Martin J. McGuinness, Saratoga Springs, for appellant.
Chad W. Brown, Acting District Attorney, Johnstown (Christopher M. Stanyon of counsel), for respondent.
Before: PETERS, P.J., McCARTHY, GARRY, CLARK and AARONS, JJ.
McCARTHY, J.
Appeal from a judgment of the County Court of Fulton County (Giardino, J.), rendered September 8, 2014, convicting defendant upon his pleas of guilty of the crimes of criminal sale of a controlled substance in the third degree (two counts) and criminal possession of a controlled substance in the third degree (two counts).
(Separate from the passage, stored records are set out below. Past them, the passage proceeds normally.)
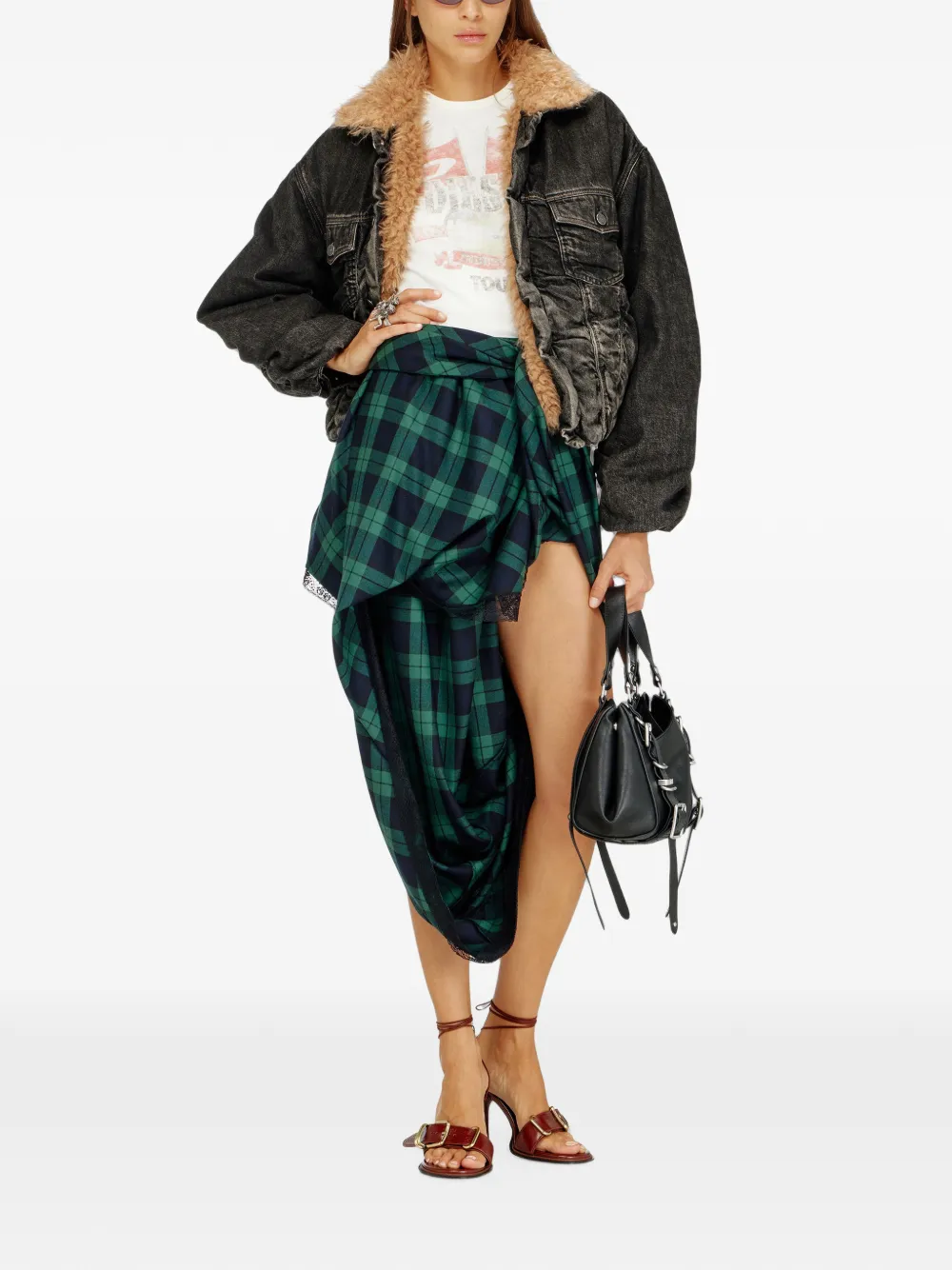 Diesel ruched denim jacket Zwart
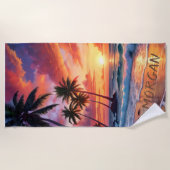 カスタムトロピカルビーチサンセット | 沿岸芸術 ビーチタオル (正面)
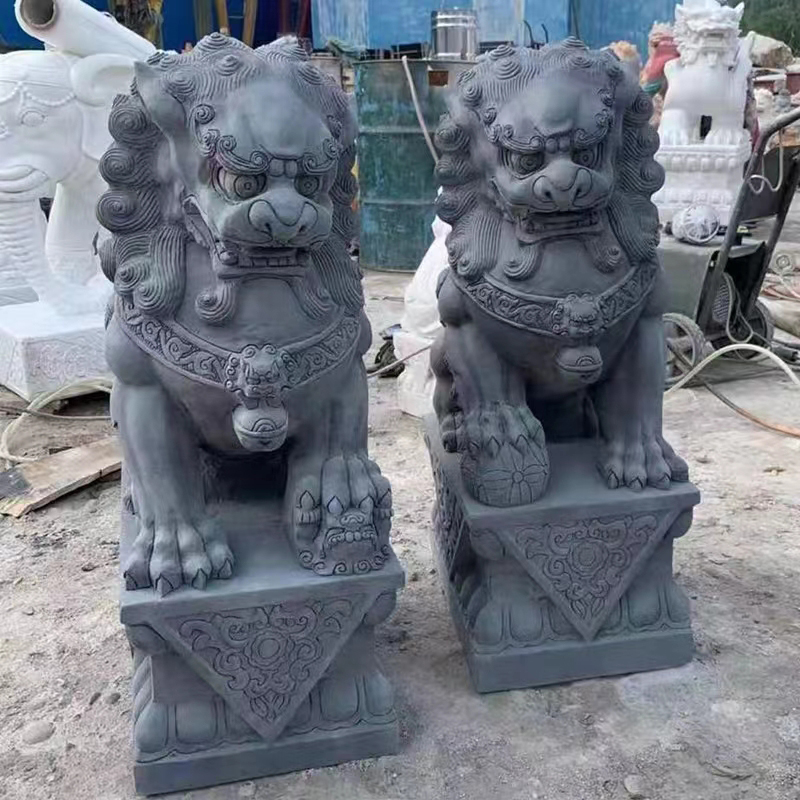 保定市天然石雕狮子厂家天然石雕狮子 定制汉白玉狮子一对儿 摆件神兽石雕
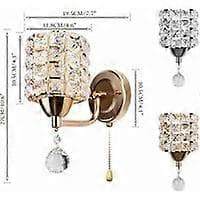 Modern Crystal Wall Lamp with Pull Switch Gold Wall Lamp for Bedroom Aisle E14 Socket (Bulb Not Included)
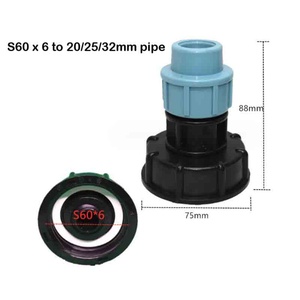 Connecteur de robinet de réservoir IBC S60X6 pour tube PE 20/25/32 mm, raccord de tuyau en plastique, connecteur de valve rapide - Product Image 2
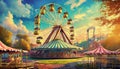 a circus tent, a marquee with an amusement park, Royalty Free Stock Photo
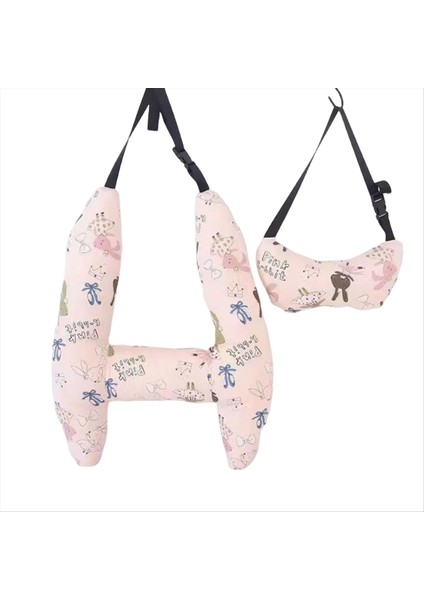 Araba H Şekil Kapsamı Yakılık Kıda Araç Uyku Güvenliği Baş Yol Seyahat Yastığı Sevimli Tavşan Deseni Çocuk Güvenlik Boyun Baş Yastığı (Yurt Dışından)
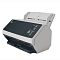 Фото-2 Документ-сканер Fujitsu fi-8150, вид спереди, серо-чёрный корпус, раскрытый выходной лоток и подающий лоток сверху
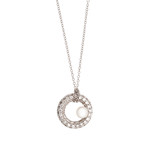 Mimi Milano 18k White Gold Diamond + White Cultured Pearl Pendant Necklace
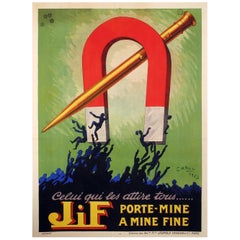 Jean Carlu, Original Art Deco Vintage Poster, Jif Fountain Pen, 1923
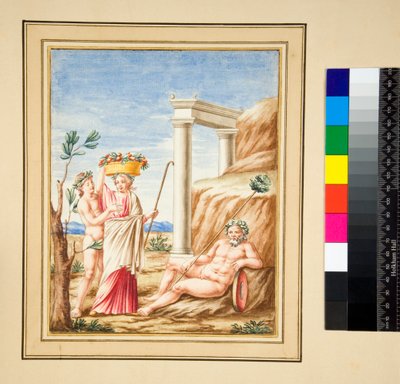Homme allongé, dame et jeune homme - Pietro Santi Bartoli
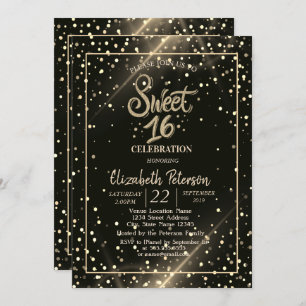 Invitation Pois élégants, Doux 16 Fête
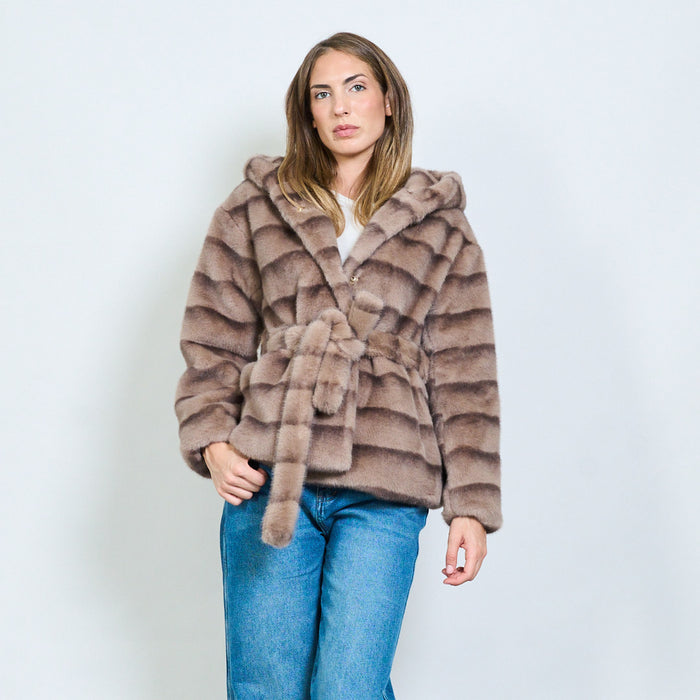 Striped faux fur belted coat with crystal clasp wholesale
Defendant was charged in an indictment with two counts of criminal sale of a controlled substance in the third degree and two counts of criminal possession of a controlled substance in the third degree. He initially pleaded guilty to one count of criminal sale of a controlled substance in full satisfaction of the indictment, with the understanding that he would be sentenced, as a second felony offender, to four years in prison, to be followed three years of postrelease supervision. The plea agreement also included the waiver of the right to appeal. At the outset of the sentencing hearing, there was discussion regarding defendant's eligibility for a shock incarceration program. Ultimately, defendant agreed to enter an additional plea of guilty to the remaining three counts of the indictment as well. This agreement was made with the understanding that, as a result of both pleas, he would be sentenced, as a second felony offender, to four concurrent 4 ½–year prison terms, to be followed by three years of postrelease supervision, together with an order directing his enrollment in a shock incarceration program. This additional agreement also included the waiver of the right to appeal. County Court thereafter imposed the agreed-upon sentence, and defendant now appeals.
We affirm. Contrary to defendant's contention, his waivers of the right to appeal were valid. Based upon our review of the plea colloquies, County Court adequately distinguished the right to appeal from the rights automatically forfeited by a guilty plea, particularly in light of defendant's lengthy criminal history and his acknowledgment that he had previously executed an appeal waiver in regard to a previous guilty plea. Further, the court ensured that defendant understood the ramifications of the waivers and defendant executed a counseled written waiver in open court (see People v. Sanders, 25 N.Y.3d 337, 341–342, 12 N.Y.S.3d 593, 34 N.E.3d 344 [2015] ; People v. Lopez, 6 N.Y.3d 248, 256, 811 N.Y.S.2d 623, 844 N.E.2d 1145 [2006] ; People v. Butler, 134 A.D.3d 1349, 1349–1350, 22 N.Y.S.3d 617 [2015], lvs. denied 27 N.Y.3d 962, 963, 36 N.Y.S.3d 624, 56 N.E.3d 904 [2016] ). Accordingly, defendant knowingly, intelligently and voluntarily waived the right to appeal his conviction and sentence. In light of his valid waivers of the right to appeal, his contention that the sentence imposed was harsh and excessive is precluded (see People v. Clark, 135 A.D.3d 1239, 1240, 23 N.Y.S.3d 481 [2016], lv. denied 27 N.Y.3d 995, 38 N.Y.S.3d 105, 59 N.E.3d 1217 [2016] ; People v. Donah, 127 A.D.3d 1413, 1413, 5 N.Y.S.3d 736 [2015] ).
ORDERED that the judgment is affirmed.
PETERS, P.J., GARRY, CLARK and AARONS, JJ., concur.